**ASSIGNMENT:**
Among the entries below, which lines run from the line with "fotoğraf 5 MAN" through the line with "Image 3 of 2016"? Retype those, both ends included, exactly and without pictures.

**INPUT RECORDS:**
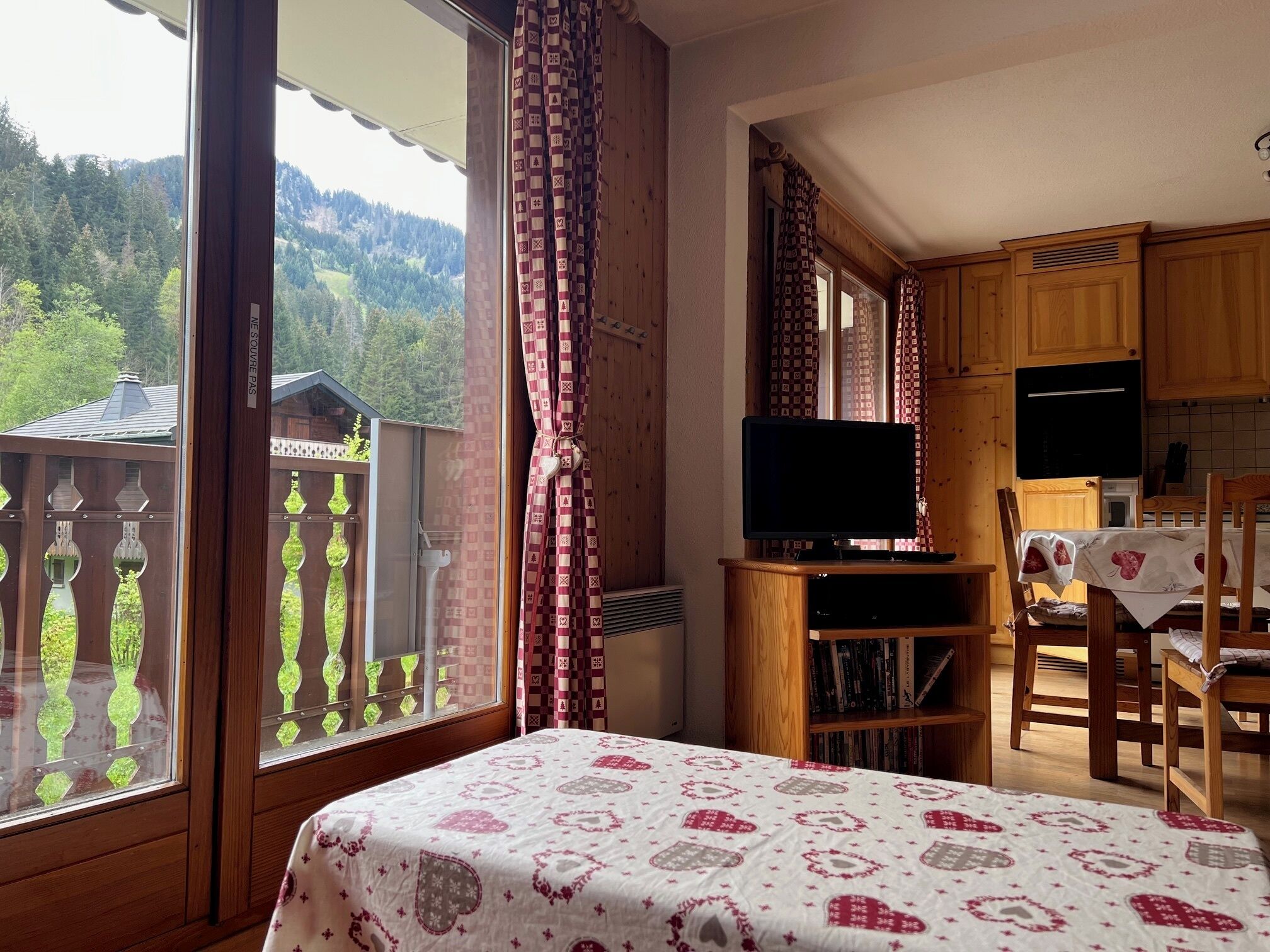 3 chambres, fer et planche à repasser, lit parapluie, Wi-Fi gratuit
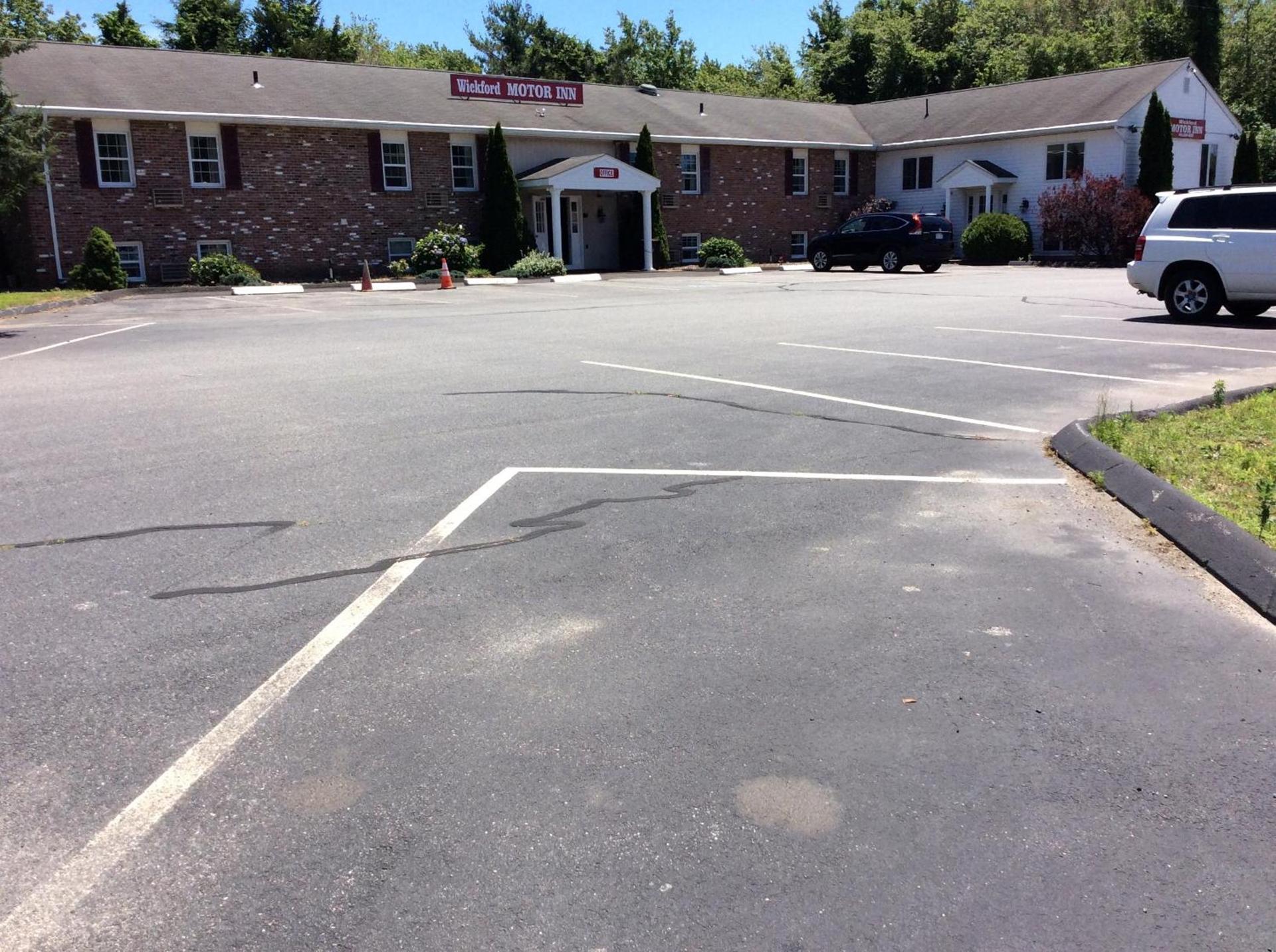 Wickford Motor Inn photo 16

---

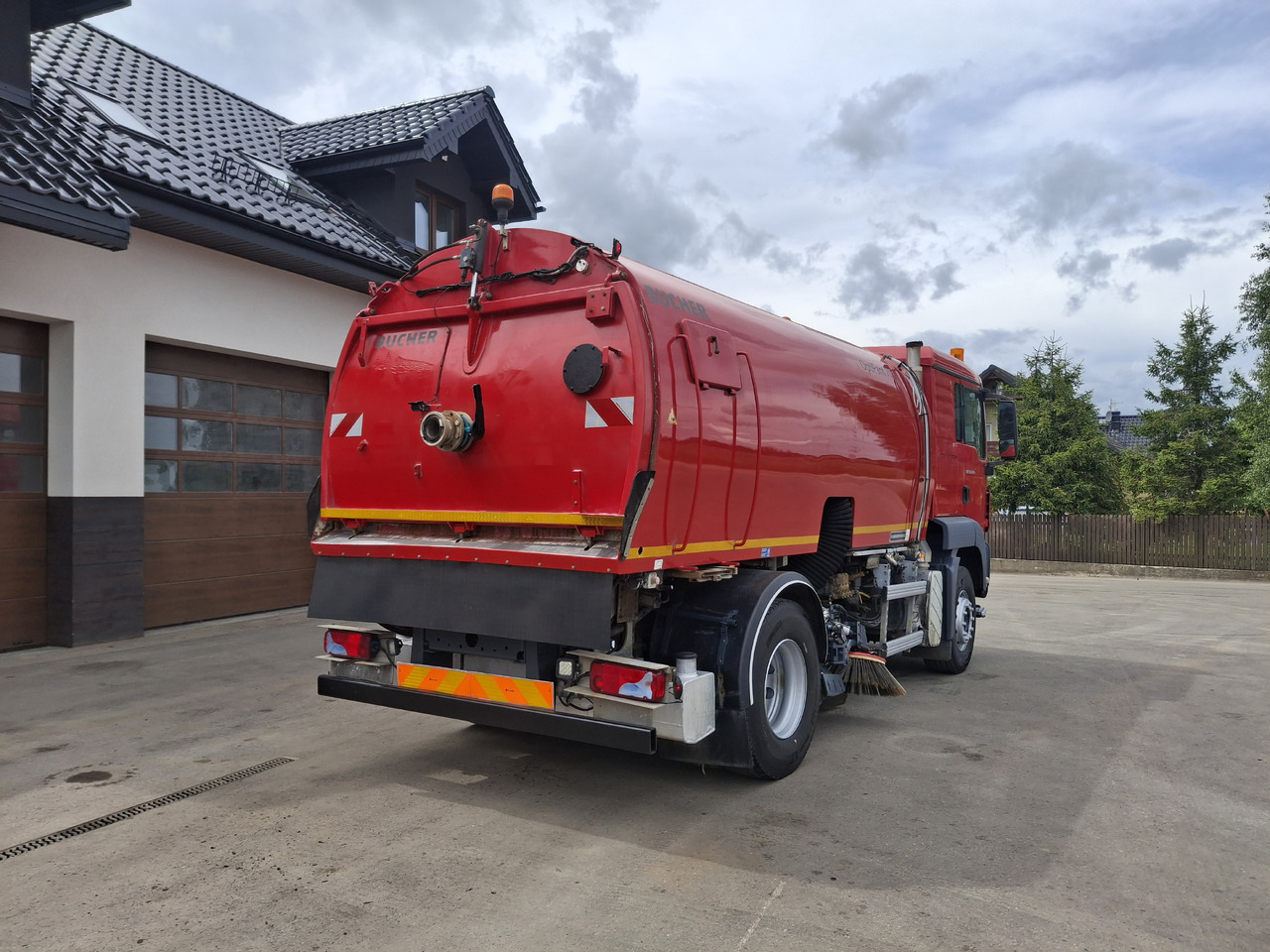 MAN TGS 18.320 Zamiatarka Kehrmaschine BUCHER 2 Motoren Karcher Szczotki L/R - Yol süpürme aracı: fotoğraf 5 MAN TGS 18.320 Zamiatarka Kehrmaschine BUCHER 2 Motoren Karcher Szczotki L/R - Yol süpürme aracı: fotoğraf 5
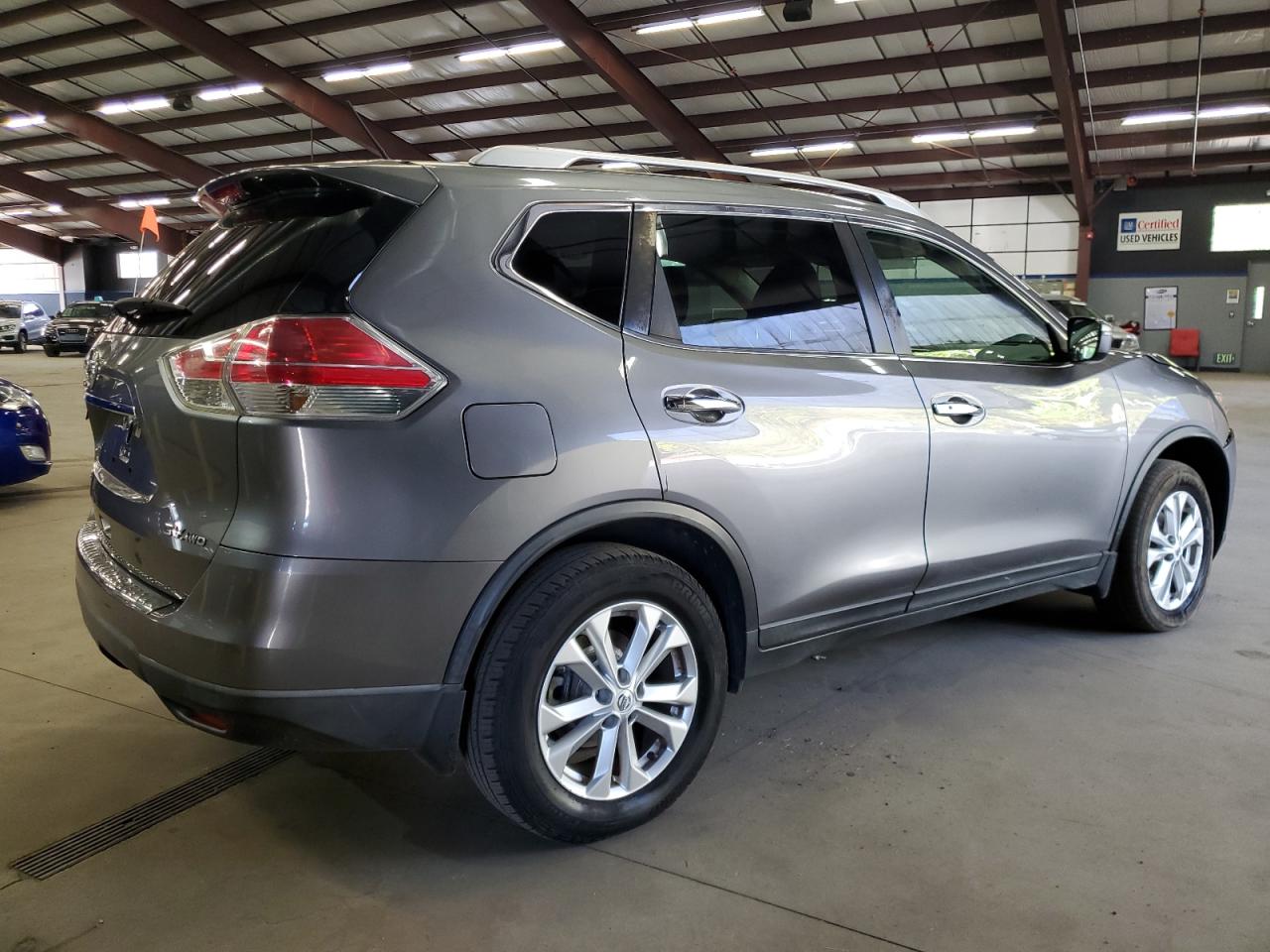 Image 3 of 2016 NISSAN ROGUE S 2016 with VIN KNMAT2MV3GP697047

**WRITTEN ANSWER:**
 MAN TGS 18.320 Zamiatarka Kehrmaschine BUCHER 2 Motoren Karcher Szczotki L/R - Yol süpürme aracı: fotoğraf 5 MAN TGS 18.320 Zamiatarka Kehrmaschine BUCHER 2 Motoren Karcher Szczotki L/R - Yol süpürme aracı: fotoğraf 5
 Image 3 of 2016 NISSAN ROGUE S 2016 with VIN KNMAT2MV3GP697047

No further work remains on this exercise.